Entonces, ¿en qué quedamos? ¿Existe o no existe la crisis económica? La respuesta, y sintiéndolo mucho, debe seguir siendo igual de tortuosa que todo lo expuesto hasta ahora: NO, tener problemas es el estado natural de nuestra Economía (mientras no acabemos de entenderla).

Lo que sí que es cierto es que cuando todo va mal y empieza a derrumbarse, existe una alternativa: o bien, no hacer nada, desmoralizarse y dejarse arrastrar por la corriente de los acontecimientos, o bien, apretar los dientes, pensar qué soluciones se pueden tomar o qué caminos emprender, y apretando de nuevo los dientes, ponerse manos a la obra. Siempre, siempre, hay personas que consiguen estar en una buena situación, a pesar de los pesares.

Rius Altus

La familia de Valeriano, huyendo de Rávena, hasta hacía poco sede del recientemente caído Imperio, había llegado a un determinado lugar de la costa del Adriático. Delante de ellos se encontraba una laguna en la que se alzaban más de un centenar de islotes que, como Valeriano conocía, se hallaban habitados por «buena gente».
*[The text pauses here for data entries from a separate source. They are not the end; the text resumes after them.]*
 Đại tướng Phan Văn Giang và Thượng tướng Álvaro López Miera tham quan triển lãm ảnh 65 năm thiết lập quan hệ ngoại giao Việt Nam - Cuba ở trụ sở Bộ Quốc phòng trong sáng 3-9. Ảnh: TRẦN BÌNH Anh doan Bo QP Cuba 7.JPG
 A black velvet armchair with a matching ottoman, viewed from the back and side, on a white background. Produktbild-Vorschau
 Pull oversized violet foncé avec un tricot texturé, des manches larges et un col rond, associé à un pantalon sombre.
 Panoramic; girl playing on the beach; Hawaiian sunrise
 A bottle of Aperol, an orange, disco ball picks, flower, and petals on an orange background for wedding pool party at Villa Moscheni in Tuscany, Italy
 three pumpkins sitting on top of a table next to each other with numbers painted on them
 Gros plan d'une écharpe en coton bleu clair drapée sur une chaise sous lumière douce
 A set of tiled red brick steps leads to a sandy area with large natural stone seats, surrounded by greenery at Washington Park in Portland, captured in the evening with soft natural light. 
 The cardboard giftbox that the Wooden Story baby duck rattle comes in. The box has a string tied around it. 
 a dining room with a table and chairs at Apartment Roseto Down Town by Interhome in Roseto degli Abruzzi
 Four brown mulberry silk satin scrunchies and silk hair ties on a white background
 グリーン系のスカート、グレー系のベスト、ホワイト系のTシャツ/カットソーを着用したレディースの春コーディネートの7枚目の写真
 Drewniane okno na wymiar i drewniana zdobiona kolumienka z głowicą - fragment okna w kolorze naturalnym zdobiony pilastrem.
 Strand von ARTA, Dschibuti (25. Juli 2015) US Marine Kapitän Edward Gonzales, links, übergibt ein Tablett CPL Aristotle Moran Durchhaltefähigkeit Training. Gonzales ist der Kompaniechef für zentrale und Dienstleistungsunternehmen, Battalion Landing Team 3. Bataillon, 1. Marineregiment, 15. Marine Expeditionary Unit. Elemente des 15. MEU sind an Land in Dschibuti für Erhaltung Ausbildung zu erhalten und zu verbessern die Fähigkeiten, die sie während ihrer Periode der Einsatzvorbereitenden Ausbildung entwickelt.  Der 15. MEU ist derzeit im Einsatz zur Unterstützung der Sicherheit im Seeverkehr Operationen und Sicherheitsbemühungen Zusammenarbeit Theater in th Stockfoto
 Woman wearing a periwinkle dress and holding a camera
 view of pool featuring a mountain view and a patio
A lo largo de los últimos años, exilados de las ciudades de Padua y Aquilea se habían refugiado en aquellos parajes. Hunos, godos, lombardos, y demás hordas de cuya visita valía la pena excusarse, habían aconsejado a los todavía ciudadanos romanos de la contornada que buscasen refugio en aquellas inhóspitas lagunas (máxime si la más sana diversión de los bárbaros consistía en destrozarle la casa a uno y de paso arrasarle la ciudad).

Sin apenas agua potable ni comodidad alguna, como puede suponerse, las condiciones de vida eran muy duras. Lograban subsistir gracias a la pesca y al salazón que intercambiaban por los productos agrícolas de tierra adentro. Los originarios habitantes de la laguna, escasos y pobres, no sólo les habían dado cobijo, sino que les habían enseñado tales artes para ganarse la vida. Los exiliados, por su parte, aportarían al lugar algo no menos valioso: su bagaje de conocimientos.

Valeriano, por los azares de la vida, supo de su existencia, y hacia allí se dirigió con los suyos. Una simple noticia de las escasas que circulaban le bastó. Algo acerca de un sitio, llamado Rius Altus, donde se estaba construyendo (¡!) una ciudad resguardada de bandidos y bárbaros. Valeriano, uno de los pocos hombres cultos y preparados que quedaban en Rávena, no acababa de creerse eso de «resguardada». Habituado a una época de cambios constantes, todos a peor, si había algo de lo que dudaba que todavía existiera, era que pudiera haber un lugar seguro. Lo que le movió a la laguna, fue precisamente que estuvieran levantando una ciudad, cosa de lo más insólita ahora que justamente las ciudades estaban siendo destruidas o abandonadas. Aquel espíritu fue el que llamó su atención.

No se equivocó. Cuando años más tarde, los bizantinos conquistaron el sur de Italia, en su intento de reconstruir el Imperio Romano, Rius Altus estableció unos estrechos lazos, y no sólo comerciales, con Constantinopla. Dichos lazos constituyeron uno de los elementos clave del desarrollo de la ciudad. Pero eso, Valeriano no podía saberlo. Él se había dirigido hacia la laguna en busca de un algo valioso en lo que aún creía, aunque sabía que era cada vez más escaso. Quizá su origen, una rica familia provinciana cuyas tradiciones no se habían contaminado, le hacían creer en unos valores pasados de moda, y entre ellos, la genuina concepción romana de la organización social, económica y política. Esa concepción, esa cultura, esa manera de entender la vida de la Antigua Roma, no iba a desaparecer en aquel lugar.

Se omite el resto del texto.